Problem requirements:
The needed output is the run of lines below from the one containing "Close-up of a" through the one containing "Photo of Spool", copied exactly and free of pictures.

-------- Records shown --------

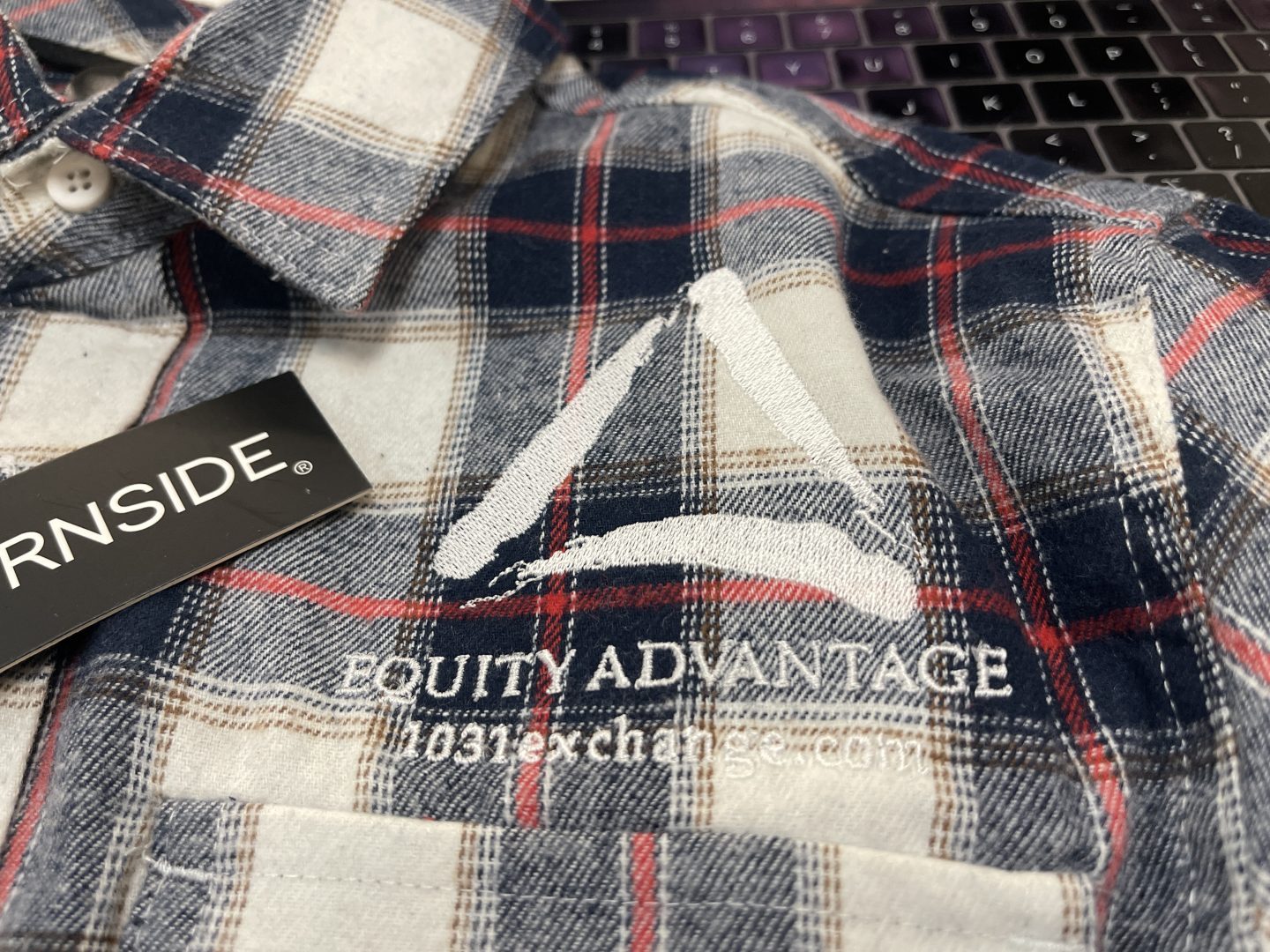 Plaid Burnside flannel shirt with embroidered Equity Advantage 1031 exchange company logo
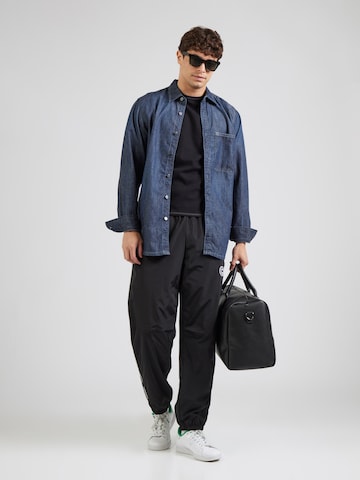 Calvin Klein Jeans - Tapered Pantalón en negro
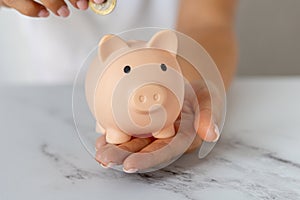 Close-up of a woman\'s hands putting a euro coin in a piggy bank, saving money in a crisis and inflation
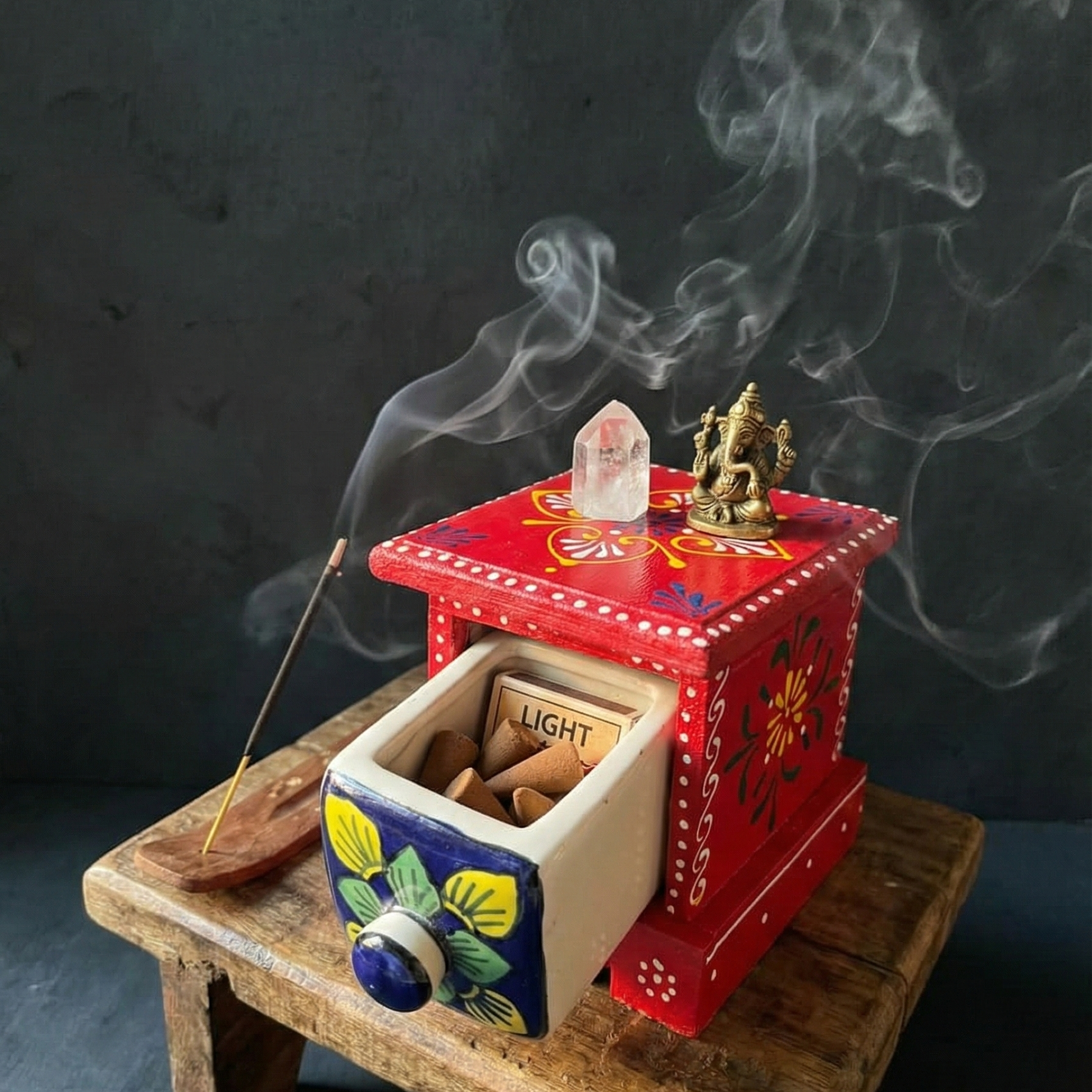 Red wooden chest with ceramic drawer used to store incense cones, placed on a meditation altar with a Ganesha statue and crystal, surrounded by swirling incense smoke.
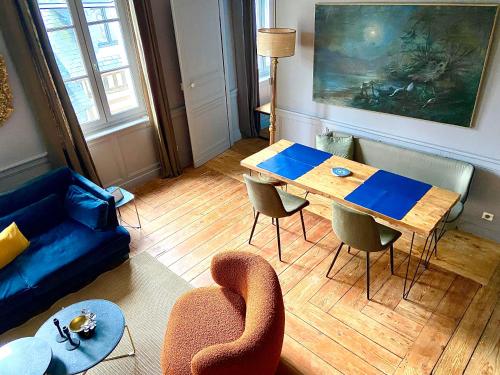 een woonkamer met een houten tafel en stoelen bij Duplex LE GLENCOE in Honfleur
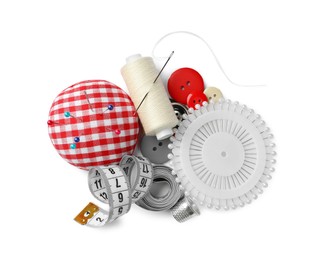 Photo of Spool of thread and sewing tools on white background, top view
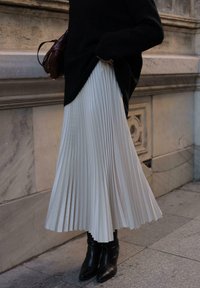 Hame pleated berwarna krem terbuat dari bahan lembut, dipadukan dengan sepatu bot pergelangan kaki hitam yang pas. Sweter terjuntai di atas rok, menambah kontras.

--------

Response to the exercise:
 Close-up of a woman\'s hands putting a euro coin in a piggy bank, saving money in a crisis and inflation
 Red wooden chest with ceramic drawer used to store incense cones, placed on a meditation altar with a Ganesha statue and crystal, surrounded by swirling incense smoke.
 een woonkamer met een houten tafel en stoelen bij Duplex LE GLENCOE in Honfleur
 Photo of Spool of thread and sewing tools on white background, top view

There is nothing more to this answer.